An example input YAML looks like

system:
  phase_models: CR-FE.json
  datasets: FE-NI-datasets-sep
  tags:
    dft:
      excluded_model_contributions: ["idmix", "mag"]

generate_parameters:
  excess_model: linear
  ref_state: SGTE91
  ridge_alpha: 1.0e-20
output:
  verbosity: 2
  output_db: out.tdb

This will add the key "excluded_model_contributions" to all datasets that have the "dft" tag:

{
  "components": ["CR", "FE", "VA"],"phases": ["BCC_A2"],
  "solver": {"mode": "manual", "sublattice_site_ratios": [1, 3],
             "sublattice_configurations": [[["CR", "FE"], "VA"]],
  "sublattice_occupancies": [[[0.5, 0.5], 1.0]]},
  "conditions": {"P": 101325, "T": 300},
  "output": "HM_MIX",
  "values": [[[10000]]],
  "excluded_model_contributions": ["idmix", "mag"]
}

Common Mistakes and Notes#

  1. A single element sublattice is different in a phase model ([["A", "B"], ["A"]]]) than a sublattice configuration ([["A", "B"], "A"]).

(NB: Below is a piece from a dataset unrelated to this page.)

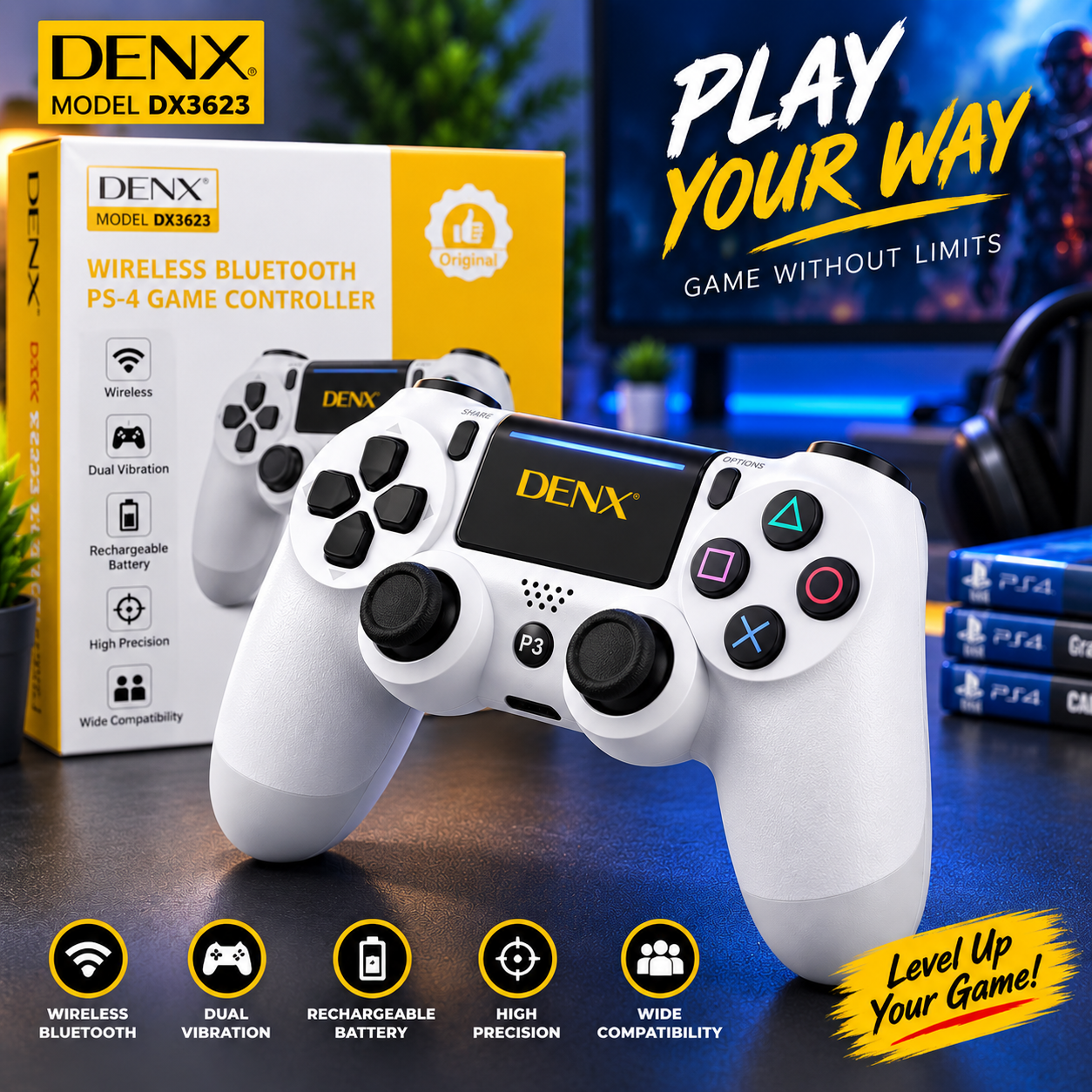 DENX Wireless PlayStation Controller | Model DX3623 PS4 Compatible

  2. Make sure you use the right units (J/mole-atom, mole fractions, Kelvin, Pascal)

  3. Mixing configurations should not have ideal mixing contributions.

  4. All types of data can have a weight key at the top level that will weight the standard deviation parameter in MCMC runs for that dataset. If a single dataset should have different weights applied, multiple datasets should be created.